We can see in the graph that capital income is capable of turning off the spigots of consumption quickly. And the two lines mostly moved in opposite directions but sometimes in the same direction. So if the blue line of labor consumption was to rise to +$60 billion for a previous year quarterly average, and say capital consumption was to fall to zero, we would still have the same net positive $60 billion increase per quarter in overall consumption. The perceived boost for inflation from rising labor income would be offset by the falling capital consumption. So any rise in labor consumption must be weighed against any change in capital consumption.
The economy is top heavy. Capital consumption has a large possible downside. We have never depended on capital income to drive consumption like we do now. So it is important to watch how capital income reacts as the labor market tightens up.
Update: There was a request in the comment section to add inflation to the graph. So CPI without food and energy is overlaid below (yellow line). You can see how inflation lags a rise in labor consumption. You could also say that consumption falls as inflation rises. (Inflation scale is on the right.)
This next graph combines the labor and capital lines with the inflation line. Take into account that some items in the inflation basket respond more to labor income.
The topic is inflation so how about adding inflation, over those years, to the graph?
I’ve explained before, raising the minimum wage, e.g. to $15 an hour, to compensate for low-wage productivity gains, is a pro-growth policy.

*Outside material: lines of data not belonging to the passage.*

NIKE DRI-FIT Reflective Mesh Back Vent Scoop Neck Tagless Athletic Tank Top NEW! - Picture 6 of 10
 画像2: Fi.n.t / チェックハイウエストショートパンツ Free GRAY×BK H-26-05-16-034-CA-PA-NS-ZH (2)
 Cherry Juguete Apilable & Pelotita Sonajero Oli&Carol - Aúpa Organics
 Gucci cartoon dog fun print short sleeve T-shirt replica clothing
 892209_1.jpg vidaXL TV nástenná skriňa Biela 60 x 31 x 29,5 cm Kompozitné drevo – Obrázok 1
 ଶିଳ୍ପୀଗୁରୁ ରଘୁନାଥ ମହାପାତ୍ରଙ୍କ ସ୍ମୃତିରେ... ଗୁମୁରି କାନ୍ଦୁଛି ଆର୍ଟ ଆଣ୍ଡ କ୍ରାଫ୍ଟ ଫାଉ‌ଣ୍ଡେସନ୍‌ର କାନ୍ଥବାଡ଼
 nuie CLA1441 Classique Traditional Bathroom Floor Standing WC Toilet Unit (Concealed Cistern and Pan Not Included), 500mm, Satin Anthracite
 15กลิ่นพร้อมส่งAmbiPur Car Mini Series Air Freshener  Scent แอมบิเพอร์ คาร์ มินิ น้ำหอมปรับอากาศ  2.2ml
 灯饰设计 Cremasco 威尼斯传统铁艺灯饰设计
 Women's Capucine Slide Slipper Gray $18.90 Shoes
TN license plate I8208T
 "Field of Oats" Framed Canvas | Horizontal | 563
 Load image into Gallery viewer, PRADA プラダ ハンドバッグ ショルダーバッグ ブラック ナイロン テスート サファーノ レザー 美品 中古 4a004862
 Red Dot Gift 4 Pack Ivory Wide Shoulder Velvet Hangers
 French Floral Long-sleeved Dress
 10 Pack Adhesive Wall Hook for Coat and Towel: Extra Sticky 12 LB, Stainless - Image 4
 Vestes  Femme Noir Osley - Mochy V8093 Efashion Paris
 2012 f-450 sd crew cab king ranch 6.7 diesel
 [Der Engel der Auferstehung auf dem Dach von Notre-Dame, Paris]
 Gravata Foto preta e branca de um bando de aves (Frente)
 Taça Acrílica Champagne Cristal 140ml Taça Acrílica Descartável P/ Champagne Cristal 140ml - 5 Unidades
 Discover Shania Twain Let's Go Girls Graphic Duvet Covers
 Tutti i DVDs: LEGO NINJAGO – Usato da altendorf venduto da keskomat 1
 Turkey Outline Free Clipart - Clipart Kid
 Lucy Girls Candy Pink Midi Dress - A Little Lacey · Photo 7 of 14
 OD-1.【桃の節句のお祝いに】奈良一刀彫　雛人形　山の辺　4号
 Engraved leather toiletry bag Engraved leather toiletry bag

That growth will come from raising productivity and reducing other production costs, resulting in faster GDP growth, not necessarily more employment, which empirical studies support. However, it’s likely, the positive income effect will be greater than the negative employment effect to generate some employment through consumption.
Raising the minimum wage, in itself, will likely have a small impact on employment. So, there are other factors holding the economy back.
And, from prior comments, there seems to be some confusion about potential and actual output. Potential output can be measured as a 10-year moving average of actual output, for example, or using an OLS estimate. Nonetheless, actual output has been well below potential output over the past few years, using over a 60-year linear regression. Chart:
I added two graphs for you.
Capital consumption represents world wide, where labor consumption is national?
National income within the US goes to either labor or owners of capital.
Labor uses their income to consume finished products. Owners of capital also use their income to purchase finished products.
When inequality gets out of control, you will see owners of capital using much more of their income to consume, because they need to invest less of it to maintain their income.
So when you see capital consumption so much stronger than labor income, you know there is a big problem at the moment with inequality.
Really the last year has been terrible. Inequality n the US is exploding.